Бывают, однако, писатели, у которых произведения так сплетены с личностью автора, что невозможно отделить одно от другого. О таких надо молчать, чтобы не судить о живых, как о мертвых. Но что же делать, когда и молчать нельзя, потому что молчать — значит потворствовать злу?
Такой писатель — Розанов.
«Я весь субъект; субъективное развито во мне бесконечно, как я не знаю никого, не предполагал ни у кого».
Из своей субъективности он делает неимоверный вывод: право на ложь.

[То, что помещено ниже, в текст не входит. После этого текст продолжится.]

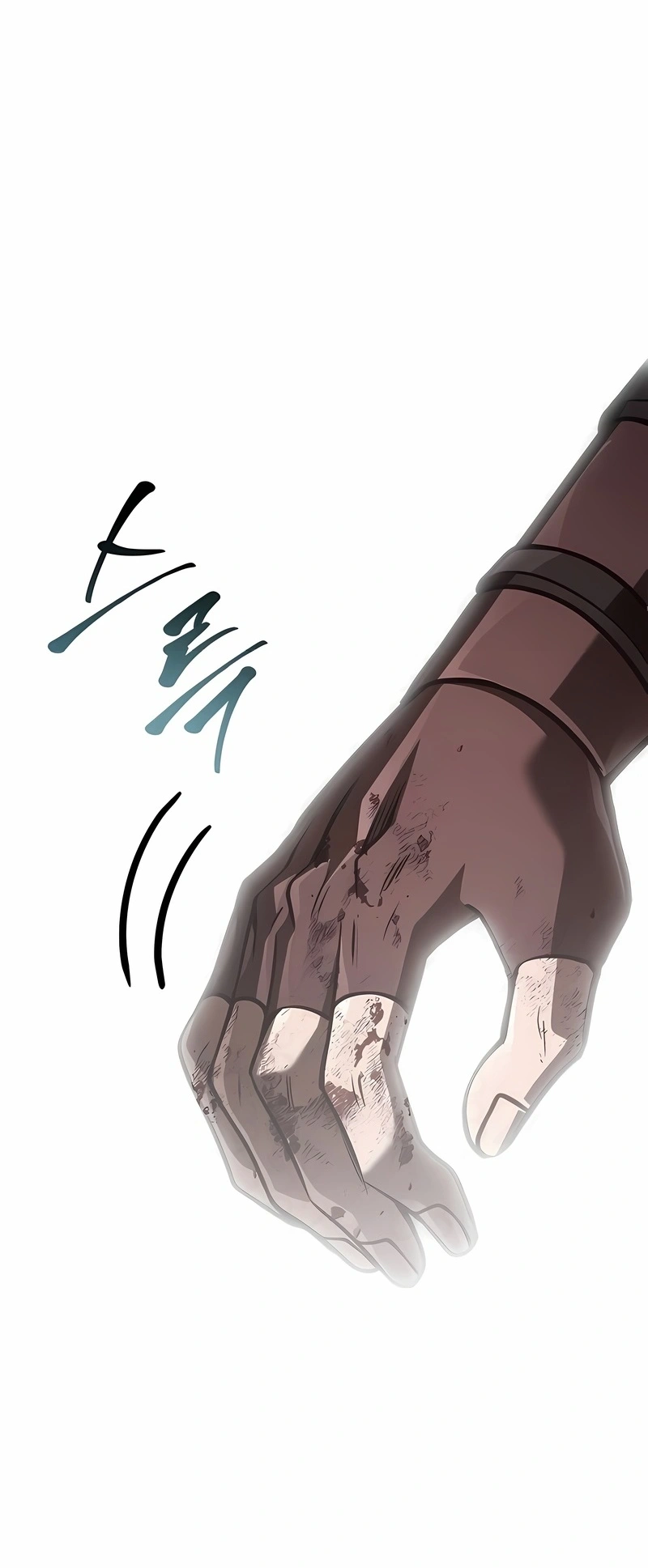 Read Sobrevivendo no Jogo como um Bárbaro PT Manga Online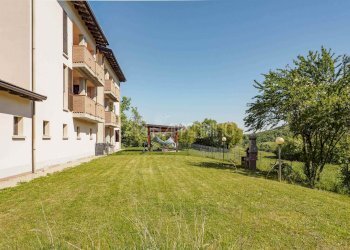 Four-room apartment Toano - photo 49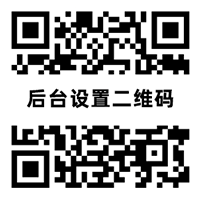 世界杯买球推荐-实时比分与赛程中心 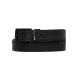 KARL LAGERFELD REVERSIBLE LOGO LEATHER BELT 245D3103 1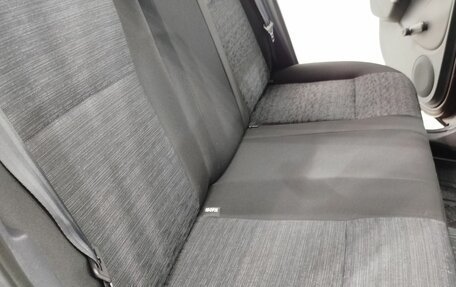 Renault Duster I рестайлинг, 2015 год, 980 000 рублей, 21 фотография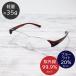 ���[�y ���K�l �g�勾 1.6�{�� ���ˏグ �I�[�o�[�O���X ���肪�g���� �傫�������� �ዾ �X�}�z �Ǐ� �V�� �p�\�R�� ���� �j�����p �֘A�摜4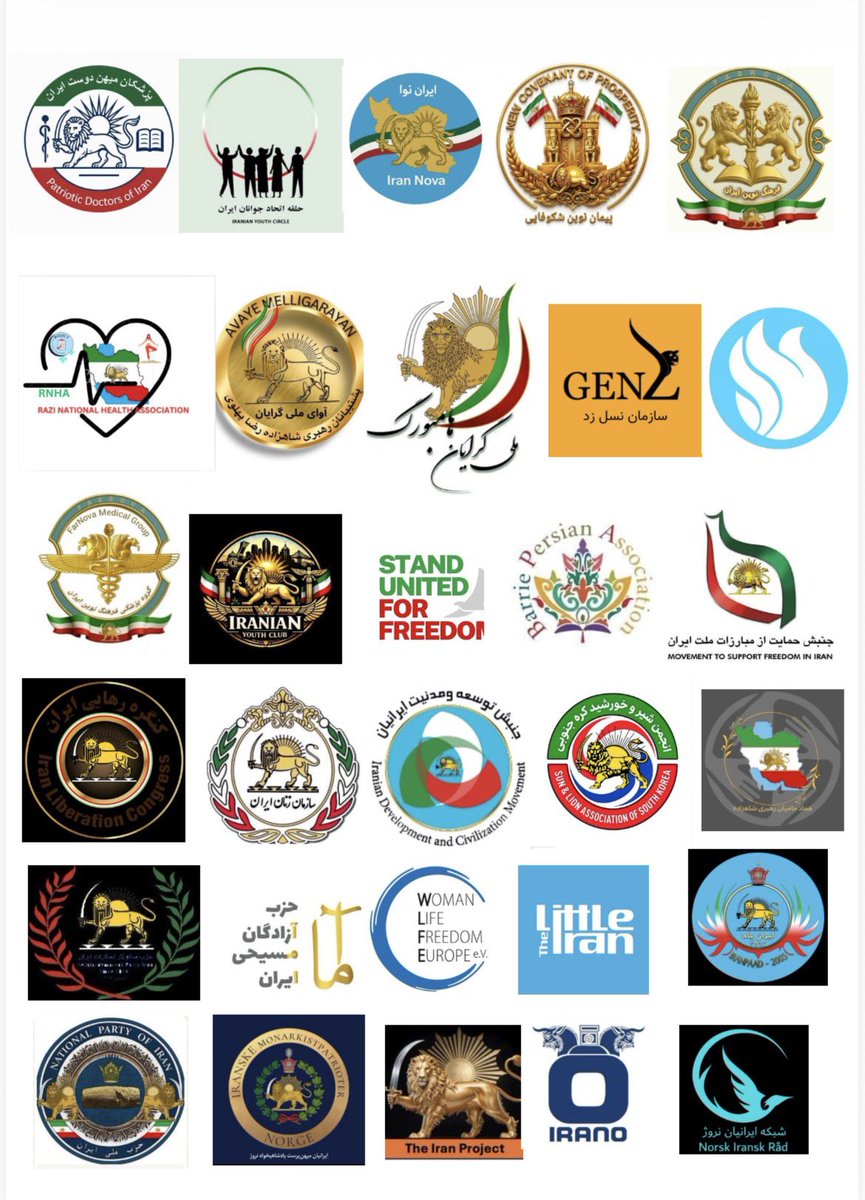 Iman Vaez tweet media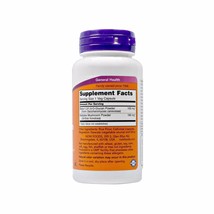 NOW FOODS Beta 1.3 1.6 Glucan vc, 90 Count - $18.25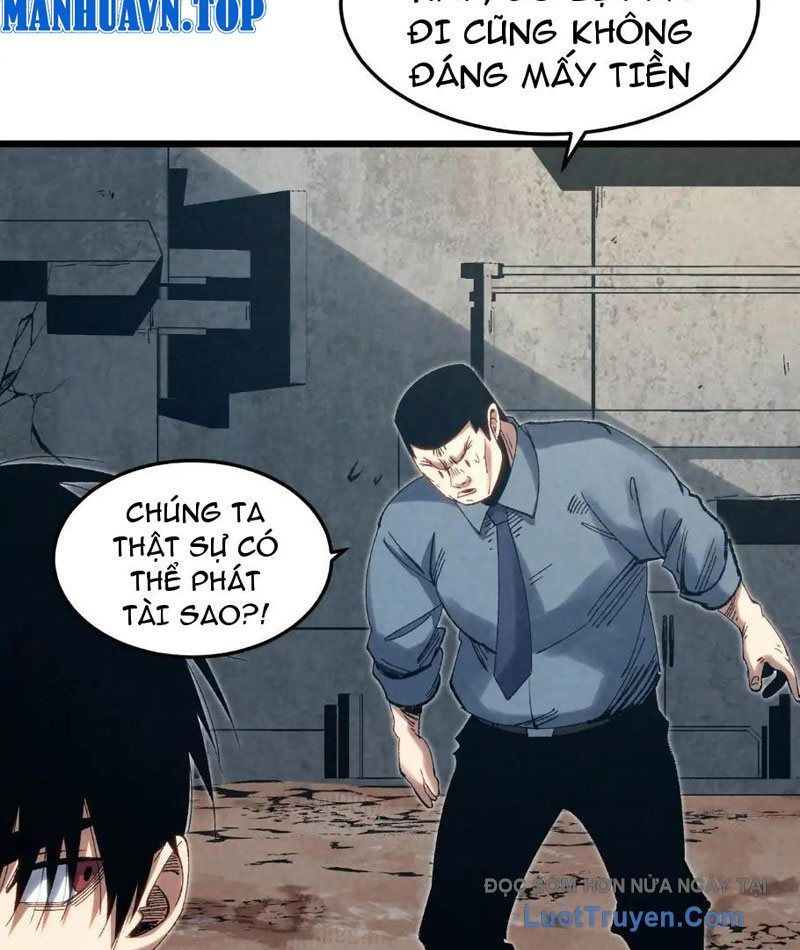 Đặc Chủng Trùng Sinh Về Thời Trung Học - Chapter 10 - Page 76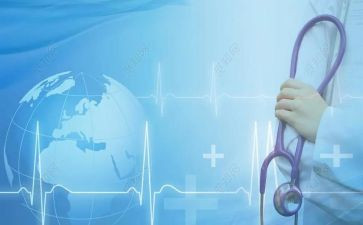 医学生述职报告精选6篇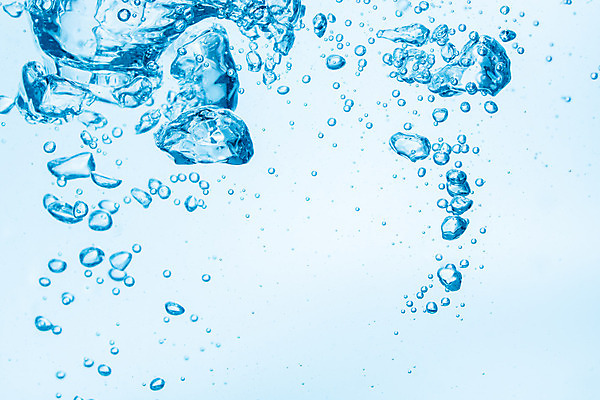 포토 JPG 해외이미지 물결 음료 파도 백그라운드 자연 건강 사람없음 물 파란색 빛 수중 거품 젖음 흐름 흰색 물방울 신선 투명 액체 떨어짐 빨래 순수 해외202008 해외포토 자연요소 바다 컬러 컨셉 가사 생태계 파일형식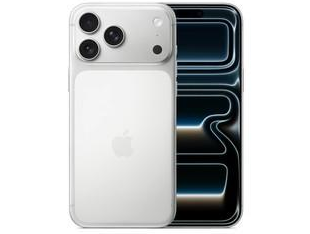 江油苹果维修点分享iPhone 17 Pro Max黑屏隐蔽诱因汇总 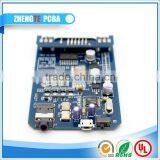 Offer High Level Contract Pcb Assembly thumbnail-4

«Удивительно, как я уделывался с ложью. Она никогда не мучила меня, и по странному мотиву: а какое вам дело до того, что я в точности думаю, чем я обязан говорить свои настоящие мысли? Глубочайшая моя субъективность сделала то, что я точно всю жизнь прожил за занавескою, неснимаемою, нераздираемою. До этой занавески никто не смеет коснуться. Там я жил, там с собою был правдив… А что говорил по сю сторону занавески — до правды этого, мне казалось, никому дела нет».
Это из книги «Уединенное». Книга тоже неимоверная — заживо загробная. Живой говорит о себе, как о мертвом, «вскрывает» себя, как мертвого. Человек, пока жив, стыдится; только «мертвые срама не имут». В этой книге бесстыдство мертвого.
Розанов, конечно, ошибается: никакая правдивость с собою не дает права на ложь перед другими. Литература — дело общественное, злое или доброе: когда писатель лжет «по сю сторону занавески», он делает злое дело, и обязанность критики помешать злу, обличить ложь.
Критики Розанова, в сущности, не было или почти не было, а был смех. Но смех ему не страшен: он сам знает, что смешон, и рад смешить. Говорит о своем «мизерабельном» виде и о том, как в юности плакал, глядя на себя в зеркало: «Ну, кто такого противного полюбит?» А потом утешился: «Да просто я не имею формы (causa formalis Аристотеля). Какой-то „комок“ или „мочалка“. Но это оттого, что я весь — дух и весь — субъект… Я наименее рожденный человек: как бы еще лежу в утробе матери и слушаю райские напевы… На кой черт мне интересная физиономия, когда я сам (в себе, в „комке“) бесконечно интересен?»
Может быть, он был бы еще интереснее, если бы об этом не знал. Во всяком случае он не только смешон, но и серьезен — более серьезен, чем кажется.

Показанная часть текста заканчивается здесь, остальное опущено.